Begin at the top of the following data. Copy each line exactly until you have copied the line containing "a man in a black".

Items listed in a dataset:
▼
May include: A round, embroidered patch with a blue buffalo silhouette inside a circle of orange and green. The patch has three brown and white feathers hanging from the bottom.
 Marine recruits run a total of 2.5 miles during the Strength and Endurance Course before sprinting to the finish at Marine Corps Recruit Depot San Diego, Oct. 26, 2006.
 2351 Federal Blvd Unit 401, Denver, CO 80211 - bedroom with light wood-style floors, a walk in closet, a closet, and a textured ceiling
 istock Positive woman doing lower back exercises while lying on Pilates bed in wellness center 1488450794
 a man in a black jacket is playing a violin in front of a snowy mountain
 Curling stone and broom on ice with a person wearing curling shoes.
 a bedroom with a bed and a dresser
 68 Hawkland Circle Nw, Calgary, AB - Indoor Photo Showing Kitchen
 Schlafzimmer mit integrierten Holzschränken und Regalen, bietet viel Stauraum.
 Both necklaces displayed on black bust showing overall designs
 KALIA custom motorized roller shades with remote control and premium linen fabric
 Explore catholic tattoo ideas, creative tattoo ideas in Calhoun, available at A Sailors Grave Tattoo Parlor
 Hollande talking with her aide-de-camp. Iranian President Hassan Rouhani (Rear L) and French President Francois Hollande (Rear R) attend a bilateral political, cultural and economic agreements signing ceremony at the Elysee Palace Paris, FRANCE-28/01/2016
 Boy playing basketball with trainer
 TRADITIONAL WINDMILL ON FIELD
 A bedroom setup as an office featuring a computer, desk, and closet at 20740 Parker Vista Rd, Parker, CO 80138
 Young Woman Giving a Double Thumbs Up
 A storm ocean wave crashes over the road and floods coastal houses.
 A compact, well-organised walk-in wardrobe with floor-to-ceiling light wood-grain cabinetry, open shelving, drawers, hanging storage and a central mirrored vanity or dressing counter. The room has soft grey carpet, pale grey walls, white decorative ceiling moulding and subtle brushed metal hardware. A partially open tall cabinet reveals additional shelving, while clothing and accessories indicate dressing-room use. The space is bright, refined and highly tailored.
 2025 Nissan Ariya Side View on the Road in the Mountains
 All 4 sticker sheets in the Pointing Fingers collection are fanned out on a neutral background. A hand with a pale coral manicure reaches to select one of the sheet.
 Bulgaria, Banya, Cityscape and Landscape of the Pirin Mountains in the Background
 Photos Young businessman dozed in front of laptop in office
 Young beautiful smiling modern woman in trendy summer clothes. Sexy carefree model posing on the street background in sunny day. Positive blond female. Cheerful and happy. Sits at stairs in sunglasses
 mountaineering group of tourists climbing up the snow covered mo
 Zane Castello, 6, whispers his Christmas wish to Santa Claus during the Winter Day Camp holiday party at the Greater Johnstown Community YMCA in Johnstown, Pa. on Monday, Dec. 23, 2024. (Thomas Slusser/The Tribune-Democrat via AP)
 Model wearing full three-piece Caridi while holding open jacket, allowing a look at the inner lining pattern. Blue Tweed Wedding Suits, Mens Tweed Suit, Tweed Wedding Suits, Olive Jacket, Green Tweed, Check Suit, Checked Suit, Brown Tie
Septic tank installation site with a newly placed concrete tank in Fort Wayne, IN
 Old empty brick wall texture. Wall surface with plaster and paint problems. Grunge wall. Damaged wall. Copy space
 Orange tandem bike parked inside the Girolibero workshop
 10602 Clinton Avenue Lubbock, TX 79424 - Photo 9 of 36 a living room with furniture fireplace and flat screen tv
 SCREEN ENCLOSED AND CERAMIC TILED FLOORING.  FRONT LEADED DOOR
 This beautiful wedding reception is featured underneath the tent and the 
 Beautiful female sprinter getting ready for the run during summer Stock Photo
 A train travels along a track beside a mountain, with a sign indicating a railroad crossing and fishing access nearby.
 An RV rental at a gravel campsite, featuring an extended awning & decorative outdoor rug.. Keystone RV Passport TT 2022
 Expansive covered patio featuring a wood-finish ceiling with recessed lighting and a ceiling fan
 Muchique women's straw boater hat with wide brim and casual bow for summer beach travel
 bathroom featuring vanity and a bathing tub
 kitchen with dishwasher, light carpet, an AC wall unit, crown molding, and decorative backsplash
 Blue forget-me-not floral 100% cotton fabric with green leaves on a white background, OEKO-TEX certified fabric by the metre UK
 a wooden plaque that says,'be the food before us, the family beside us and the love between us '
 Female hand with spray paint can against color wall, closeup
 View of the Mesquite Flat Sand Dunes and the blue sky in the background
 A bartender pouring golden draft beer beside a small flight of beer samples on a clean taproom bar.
▲
§ **Response box**:
May include: A round, embroidered patch with a blue buffalo silhouette inside a circle of orange and green. The patch has three brown and white feathers hanging from the bottom.
 Marine recruits run a total of 2.5 miles during the Strength and Endurance Course before sprinting to the finish at Marine Corps Recruit Depot San Diego, Oct. 26, 2006.
 2351 Federal Blvd Unit 401, Denver, CO 80211 - bedroom with light wood-style floors, a walk in closet, a closet, and a textured ceiling
 istock Positive woman doing lower back exercises while lying on Pilates bed in wellness center 1488450794
 a man in a black jacket is playing a violin in front of a snowy mountain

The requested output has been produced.